╭─ Source information
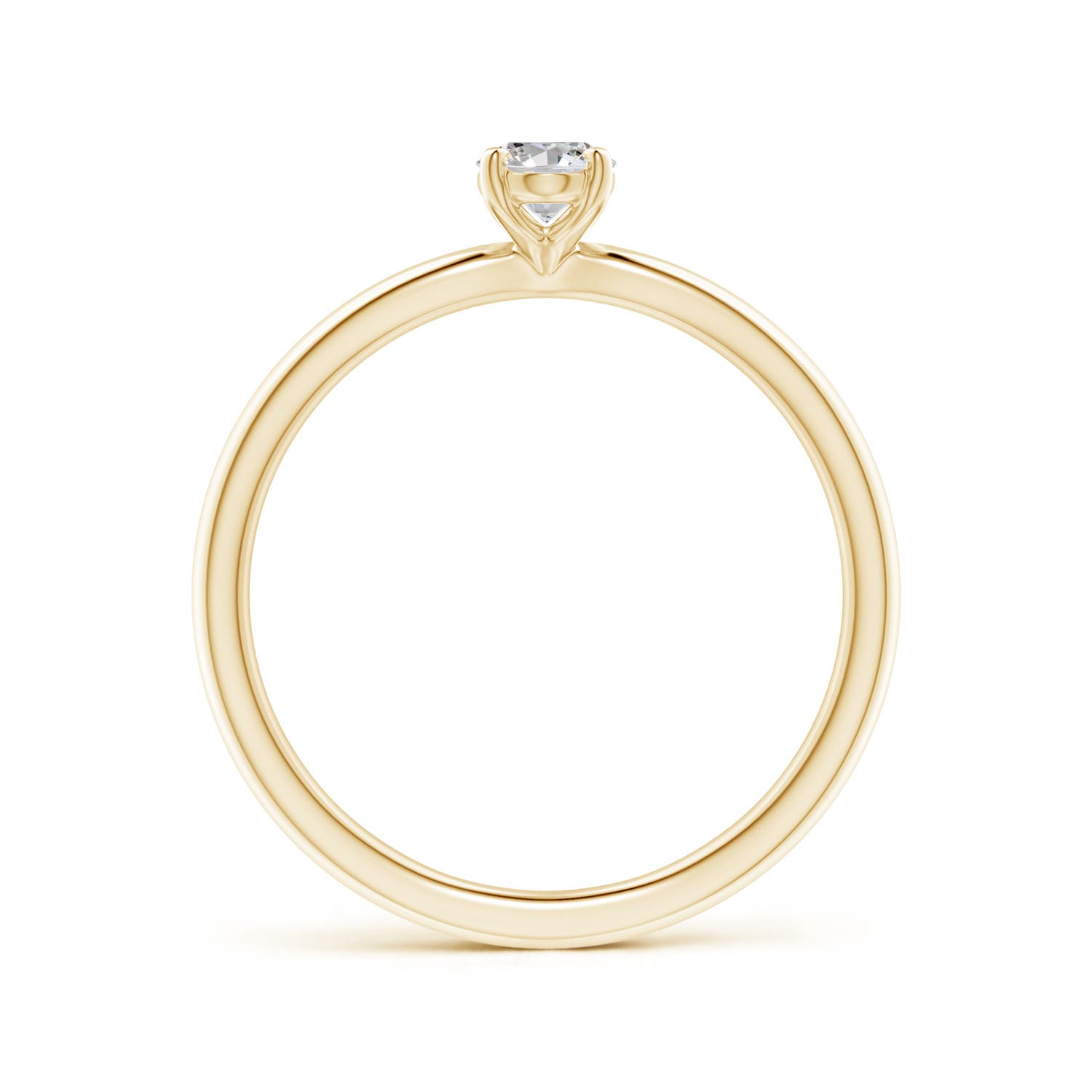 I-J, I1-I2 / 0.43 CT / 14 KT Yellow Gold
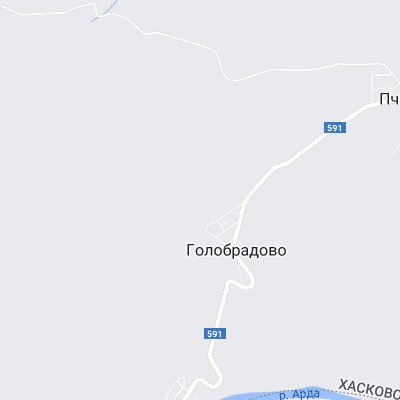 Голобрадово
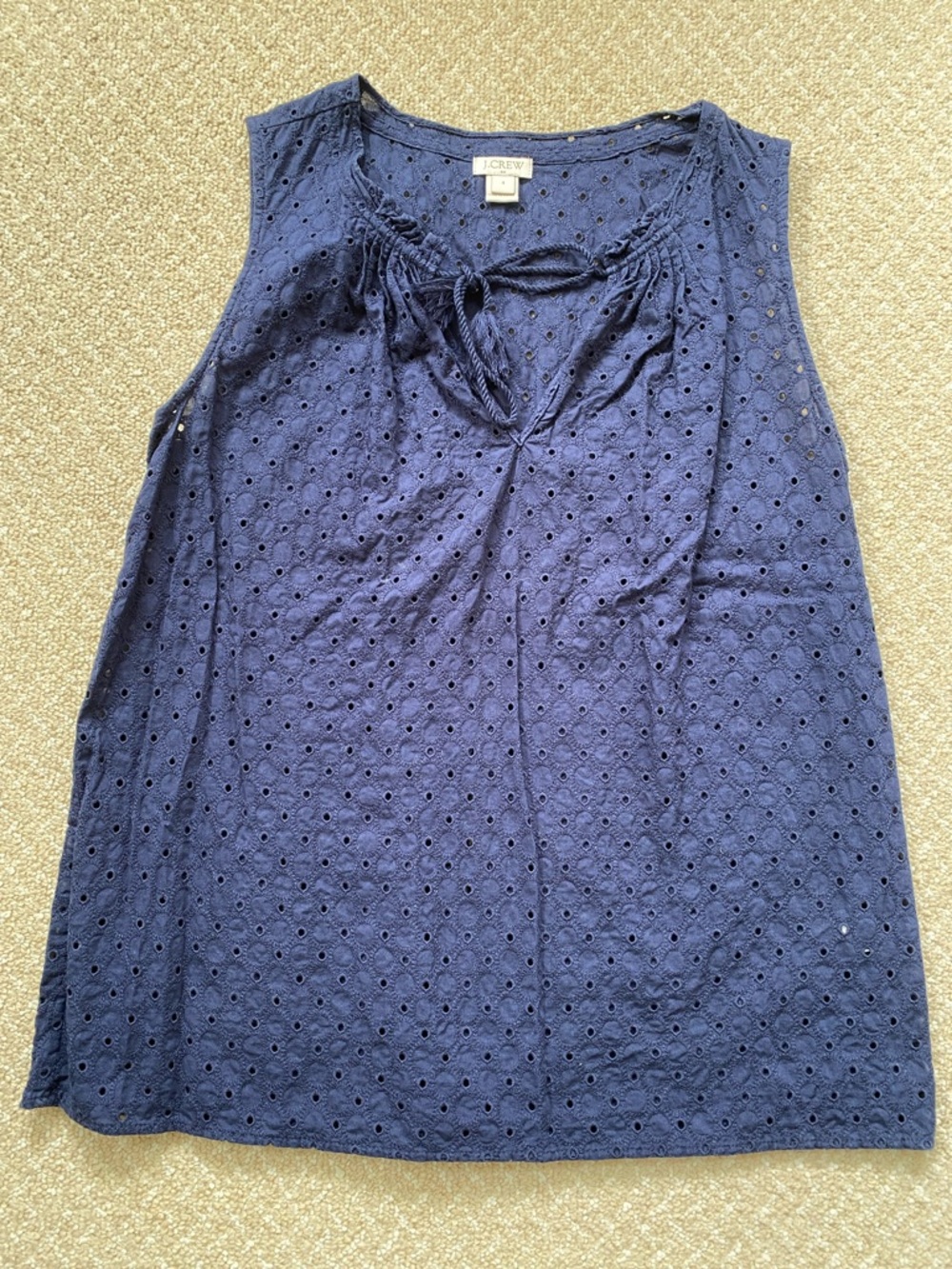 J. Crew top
╰─
╭─ Source information
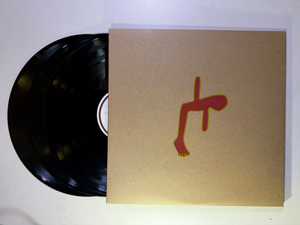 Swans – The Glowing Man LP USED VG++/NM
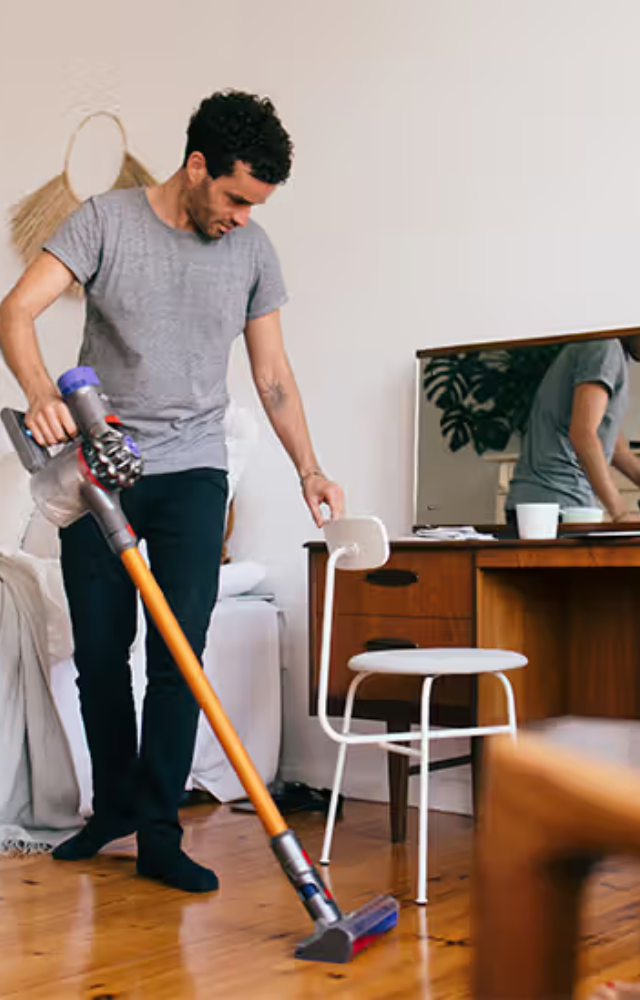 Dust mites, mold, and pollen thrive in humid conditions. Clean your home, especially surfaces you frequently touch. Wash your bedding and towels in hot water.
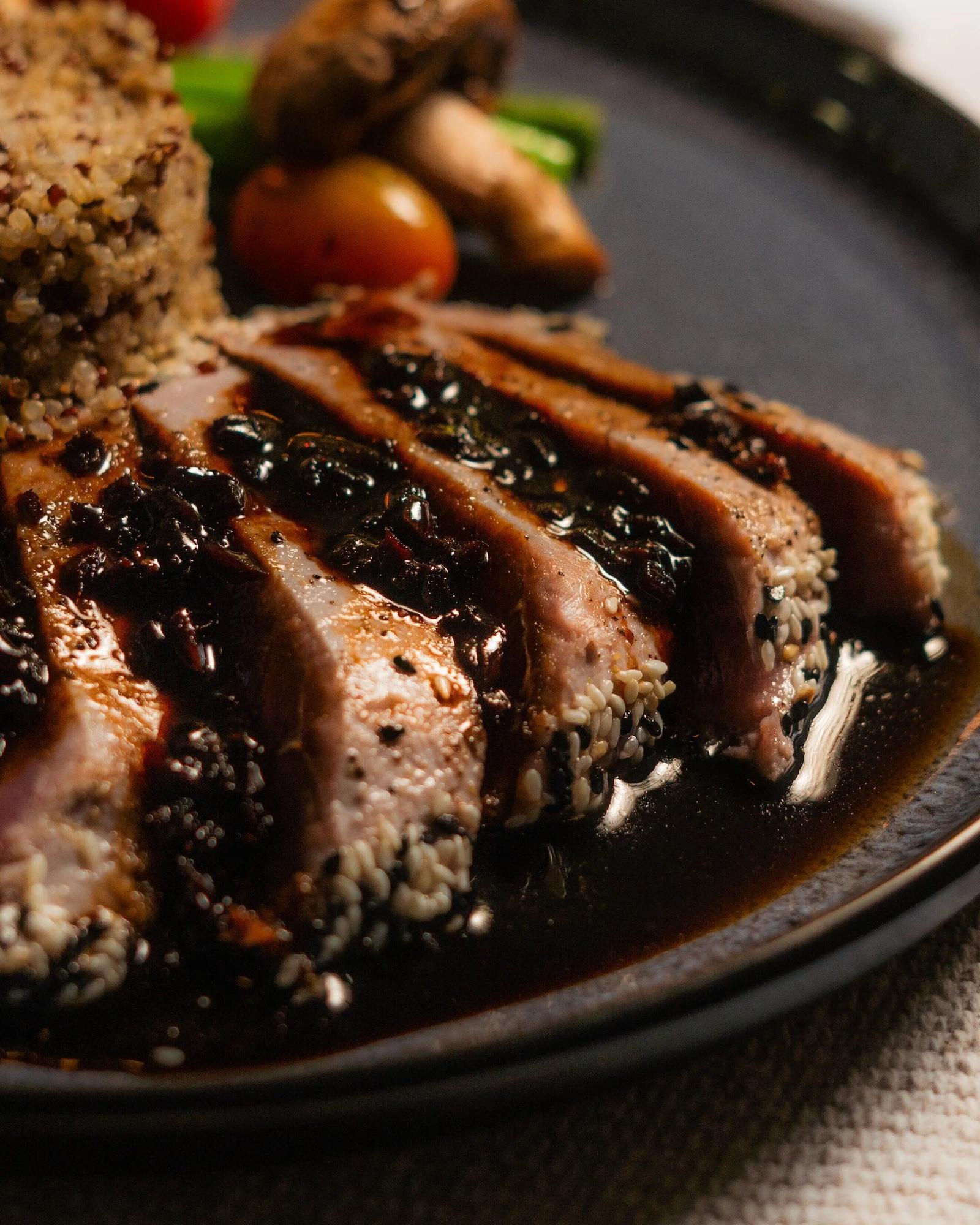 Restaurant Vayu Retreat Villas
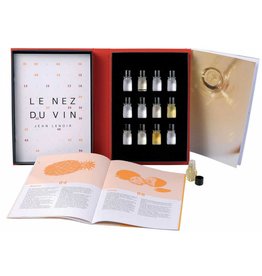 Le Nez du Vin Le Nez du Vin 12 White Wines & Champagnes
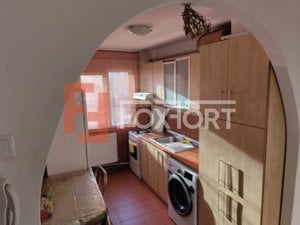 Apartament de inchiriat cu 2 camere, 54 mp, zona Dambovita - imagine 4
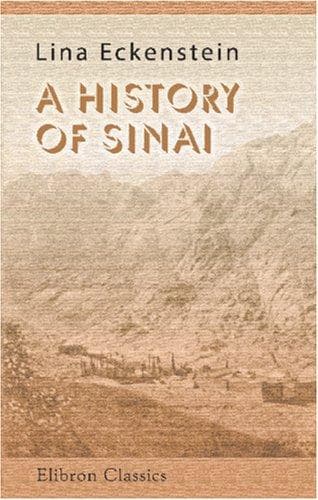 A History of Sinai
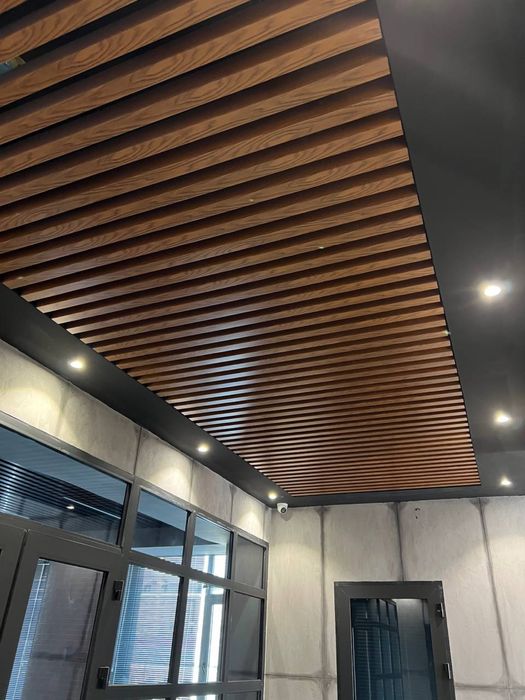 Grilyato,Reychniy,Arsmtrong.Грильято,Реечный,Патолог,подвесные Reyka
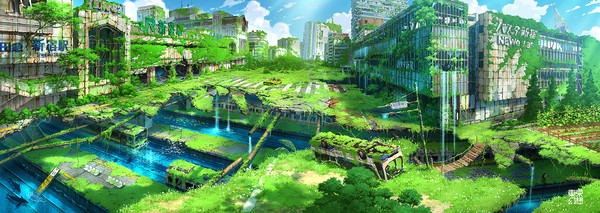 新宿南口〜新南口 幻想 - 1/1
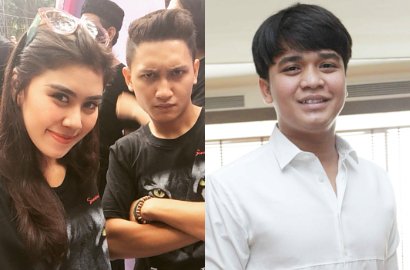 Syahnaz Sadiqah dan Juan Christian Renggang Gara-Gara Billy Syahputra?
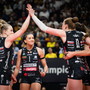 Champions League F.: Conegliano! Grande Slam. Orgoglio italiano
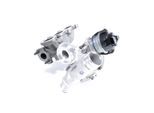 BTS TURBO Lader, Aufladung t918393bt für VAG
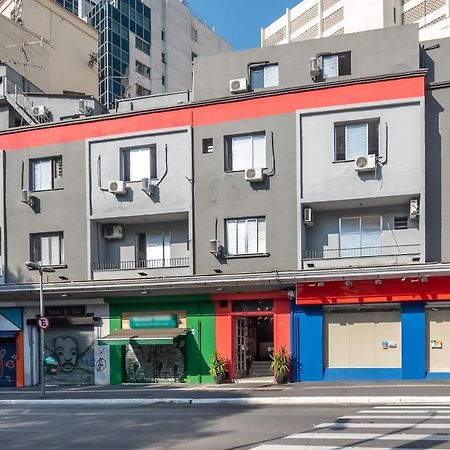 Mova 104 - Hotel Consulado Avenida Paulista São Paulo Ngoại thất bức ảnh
╰─
▸ **Task item**:
A clean copy is needed of the lines in the listing above from the one with "BTS TURBO Lader, Aufladung t918393bt für VAG" through the one with "Mova 104 - Hotel", exact in every word and free of pictures.

▸ **Finished task**:
 BTS TURBO Lader, Aufladung t918393bt für VAG
 Mova 104 - Hotel Consulado Avenida Paulista São Paulo Ngoại thất bức ảnh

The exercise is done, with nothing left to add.